[Short web captions]
_ _ _ _ _

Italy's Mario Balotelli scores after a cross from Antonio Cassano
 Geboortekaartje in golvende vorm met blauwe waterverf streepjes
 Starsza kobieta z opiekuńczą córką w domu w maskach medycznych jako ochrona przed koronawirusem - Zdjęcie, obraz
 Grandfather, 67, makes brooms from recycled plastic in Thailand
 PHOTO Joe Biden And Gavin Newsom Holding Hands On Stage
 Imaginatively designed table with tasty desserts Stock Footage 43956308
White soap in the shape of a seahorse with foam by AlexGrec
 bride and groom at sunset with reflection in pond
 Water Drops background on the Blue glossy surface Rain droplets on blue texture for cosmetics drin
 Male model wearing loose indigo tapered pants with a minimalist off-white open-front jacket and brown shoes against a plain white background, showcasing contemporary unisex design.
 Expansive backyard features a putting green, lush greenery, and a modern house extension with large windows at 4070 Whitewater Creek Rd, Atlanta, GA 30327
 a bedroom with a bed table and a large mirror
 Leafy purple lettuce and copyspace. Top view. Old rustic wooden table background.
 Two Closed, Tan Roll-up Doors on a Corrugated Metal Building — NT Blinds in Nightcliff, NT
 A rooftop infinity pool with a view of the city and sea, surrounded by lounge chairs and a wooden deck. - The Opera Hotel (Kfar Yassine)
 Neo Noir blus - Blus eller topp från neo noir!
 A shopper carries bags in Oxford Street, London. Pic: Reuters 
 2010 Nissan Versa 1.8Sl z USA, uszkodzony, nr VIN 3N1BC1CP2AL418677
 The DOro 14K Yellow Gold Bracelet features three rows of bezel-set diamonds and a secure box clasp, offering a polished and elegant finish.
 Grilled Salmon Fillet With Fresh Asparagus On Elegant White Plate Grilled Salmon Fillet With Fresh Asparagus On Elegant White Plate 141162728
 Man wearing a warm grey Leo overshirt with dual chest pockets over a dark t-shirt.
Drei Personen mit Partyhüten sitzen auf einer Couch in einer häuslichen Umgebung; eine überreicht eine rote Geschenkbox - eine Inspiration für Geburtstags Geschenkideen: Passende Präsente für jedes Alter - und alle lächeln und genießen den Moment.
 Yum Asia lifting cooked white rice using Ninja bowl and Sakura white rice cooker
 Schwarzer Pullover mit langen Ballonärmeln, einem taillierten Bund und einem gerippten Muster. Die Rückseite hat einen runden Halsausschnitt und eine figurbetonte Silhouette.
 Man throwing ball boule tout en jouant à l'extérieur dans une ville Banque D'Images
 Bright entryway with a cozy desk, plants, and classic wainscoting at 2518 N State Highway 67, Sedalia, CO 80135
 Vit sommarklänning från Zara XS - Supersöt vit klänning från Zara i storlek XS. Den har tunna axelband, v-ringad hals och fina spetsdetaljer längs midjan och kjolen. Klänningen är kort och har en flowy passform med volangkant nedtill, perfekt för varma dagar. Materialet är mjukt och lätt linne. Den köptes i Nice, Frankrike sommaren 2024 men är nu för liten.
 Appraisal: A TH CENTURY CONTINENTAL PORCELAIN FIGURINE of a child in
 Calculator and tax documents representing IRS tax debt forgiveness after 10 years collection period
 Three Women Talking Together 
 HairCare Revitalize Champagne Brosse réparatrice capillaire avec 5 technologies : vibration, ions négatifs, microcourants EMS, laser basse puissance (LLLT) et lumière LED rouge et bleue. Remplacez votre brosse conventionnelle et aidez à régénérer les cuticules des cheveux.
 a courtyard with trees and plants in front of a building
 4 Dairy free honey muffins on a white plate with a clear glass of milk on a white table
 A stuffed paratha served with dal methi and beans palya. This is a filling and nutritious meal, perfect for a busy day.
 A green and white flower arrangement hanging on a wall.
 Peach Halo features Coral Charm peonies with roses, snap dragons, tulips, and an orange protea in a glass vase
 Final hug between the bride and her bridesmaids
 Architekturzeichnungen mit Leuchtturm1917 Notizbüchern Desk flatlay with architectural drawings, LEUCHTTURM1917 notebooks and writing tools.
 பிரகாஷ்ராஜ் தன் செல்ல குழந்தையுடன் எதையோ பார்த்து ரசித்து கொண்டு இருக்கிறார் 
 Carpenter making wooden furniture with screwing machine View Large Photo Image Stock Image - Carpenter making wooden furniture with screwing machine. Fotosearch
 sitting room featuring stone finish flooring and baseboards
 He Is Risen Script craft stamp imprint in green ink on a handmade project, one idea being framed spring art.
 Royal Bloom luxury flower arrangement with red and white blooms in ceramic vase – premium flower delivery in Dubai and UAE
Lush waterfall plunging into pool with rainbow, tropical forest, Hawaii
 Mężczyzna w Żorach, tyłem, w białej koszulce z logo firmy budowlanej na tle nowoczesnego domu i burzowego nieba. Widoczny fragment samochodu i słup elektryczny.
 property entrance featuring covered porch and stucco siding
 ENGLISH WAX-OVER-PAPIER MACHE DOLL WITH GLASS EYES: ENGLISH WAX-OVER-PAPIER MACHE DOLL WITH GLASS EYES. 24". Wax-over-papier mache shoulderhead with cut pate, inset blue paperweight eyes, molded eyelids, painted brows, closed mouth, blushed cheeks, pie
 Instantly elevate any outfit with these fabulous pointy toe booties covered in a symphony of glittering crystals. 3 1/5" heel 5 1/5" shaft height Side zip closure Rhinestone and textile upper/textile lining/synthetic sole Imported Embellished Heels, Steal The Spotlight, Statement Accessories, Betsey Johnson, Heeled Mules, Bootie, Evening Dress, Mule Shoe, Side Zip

_ _ _ _ _

**THE PROBLEM**. Please write out the entries exactly, keeping every line intact.

**ANSWER TO THIS EXERCISE**.
Italy's Mario Balotelli scores after a cross from Antonio Cassano
 Geboortekaartje in golvende vorm met blauwe waterverf streepjes
 Starsza kobieta z opiekuńczą córką w domu w maskach medycznych jako ochrona przed koronawirusem - Zdjęcie, obraz
 Grandfather, 67, makes brooms from recycled plastic in Thailand
 PHOTO Joe Biden And Gavin Newsom Holding Hands On Stage
 Imaginatively designed table with tasty desserts Stock Footage 43956308
White soap in the shape of a seahorse with foam by AlexGrec
 bride and groom at sunset with reflection in pond
 Water Drops background on the Blue glossy surface Rain droplets on blue texture for cosmetics drin
 Male model wearing loose indigo tapered pants with a minimalist off-white open-front jacket and brown shoes against a plain white background, showcasing contemporary unisex design.
 Expansive backyard features a putting green, lush greenery, and a modern house extension with large windows at 4070 Whitewater Creek Rd, Atlanta, GA 30327
 a bedroom with a bed table and a large mirror
 Leafy purple lettuce and copyspace. Top view. Old rustic wooden table background.
 Two Closed, Tan Roll-up Doors on a Corrugated Metal Building — NT Blinds in Nightcliff, NT
 A rooftop infinity pool with a view of the city and sea, surrounded by lounge chairs and a wooden deck. - The Opera Hotel (Kfar Yassine)
 Neo Noir blus - Blus eller topp från neo noir!
 A shopper carries bags in Oxford Street, London. Pic: Reuters 
 2010 Nissan Versa 1.8Sl z USA, uszkodzony, nr VIN 3N1BC1CP2AL418677
 The DOro 14K Yellow Gold Bracelet features three rows of bezel-set diamonds and a secure box clasp, offering a polished and elegant finish.
 Grilled Salmon Fillet With Fresh Asparagus On Elegant White Plate Grilled Salmon Fillet With Fresh Asparagus On Elegant White Plate 141162728
 Man wearing a warm grey Leo overshirt with dual chest pockets over a dark t-shirt.
Drei Personen mit Partyhüten sitzen auf einer Couch in einer häuslichen Umgebung; eine überreicht eine rote Geschenkbox - eine Inspiration für Geburtstags Geschenkideen: Passende Präsente für jedes Alter - und alle lächeln und genießen den Moment.
 Yum Asia lifting cooked white rice using Ninja bowl and Sakura white rice cooker
 Schwarzer Pullover mit langen Ballonärmeln, einem taillierten Bund und einem gerippten Muster. Die Rückseite hat einen runden Halsausschnitt und eine figurbetonte Silhouette.
 Man throwing ball boule tout en jouant à l'extérieur dans une ville Banque D'Images
 Bright entryway with a cozy desk, plants, and classic wainscoting at 2518 N State Highway 67, Sedalia, CO 80135
 Vit sommarklänning från Zara XS - Supersöt vit klänning från Zara i storlek XS. Den har tunna axelband, v-ringad hals och fina spetsdetaljer längs midjan och kjolen. Klänningen är kort och har en flowy passform med volangkant nedtill, perfekt för varma dagar. Materialet är mjukt och lätt linne. Den köptes i Nice, Frankrike sommaren 2024 men är nu för liten.
 Appraisal: A TH CENTURY CONTINENTAL PORCELAIN FIGURINE of a child in
 Calculator and tax documents representing IRS tax debt forgiveness after 10 years collection period
 Three Women Talking Together 
 HairCare Revitalize Champagne Brosse réparatrice capillaire avec 5 technologies : vibration, ions négatifs, microcourants EMS, laser basse puissance (LLLT) et lumière LED rouge et bleue. Remplacez votre brosse conventionnelle et aidez à régénérer les cuticules des cheveux.
 a courtyard with trees and plants in front of a building
 4 Dairy free honey muffins on a white plate with a clear glass of milk on a white table
 A stuffed paratha served with dal methi and beans palya. This is a filling and nutritious meal, perfect for a busy day.
 A green and white flower arrangement hanging on a wall.
 Peach Halo features Coral Charm peonies with roses, snap dragons, tulips, and an orange protea in a glass vase
 Final hug between the bride and her bridesmaids
 Architekturzeichnungen mit Leuchtturm1917 Notizbüchern Desk flatlay with architectural drawings, LEUCHTTURM1917 notebooks and writing tools.
 பிரகாஷ்ராஜ் தன் செல்ல குழந்தையுடன் எதையோ பார்த்து ரசித்து கொண்டு இருக்கிறார் 
 Carpenter making wooden furniture with screwing machine View Large Photo Image Stock Image - Carpenter making wooden furniture with screwing machine. Fotosearch
 sitting room featuring stone finish flooring and baseboards
 He Is Risen Script craft stamp imprint in green ink on a handmade project, one idea being framed spring art.
 Royal Bloom luxury flower arrangement with red and white blooms in ceramic vase – premium flower delivery in Dubai and UAE
Lush waterfall plunging into pool with rainbow, tropical forest, Hawaii
 Mężczyzna w Żorach, tyłem, w białej koszulce z logo firmy budowlanej na tle nowoczesnego domu i burzowego nieba. Widoczny fragment samochodu i słup elektryczny.
 property entrance featuring covered porch and stucco siding
 ENGLISH WAX-OVER-PAPIER MACHE DOLL WITH GLASS EYES: ENGLISH WAX-OVER-PAPIER MACHE DOLL WITH GLASS EYES. 24". Wax-over-papier mache shoulderhead with cut pate, inset blue paperweight eyes, molded eyelids, painted brows, closed mouth, blushed cheeks, pie
 Instantly elevate any outfit with these fabulous pointy toe booties covered in a symphony of glittering crystals. 3 1/5" heel 5 1/5" shaft height Side zip closure Rhinestone and textile upper/textile lining/synthetic sole Imported Embellished Heels, Steal The Spotlight, Statement Accessories, Betsey Johnson, Heeled Mules, Bootie, Evening Dress, Mule Shoe, Side Zip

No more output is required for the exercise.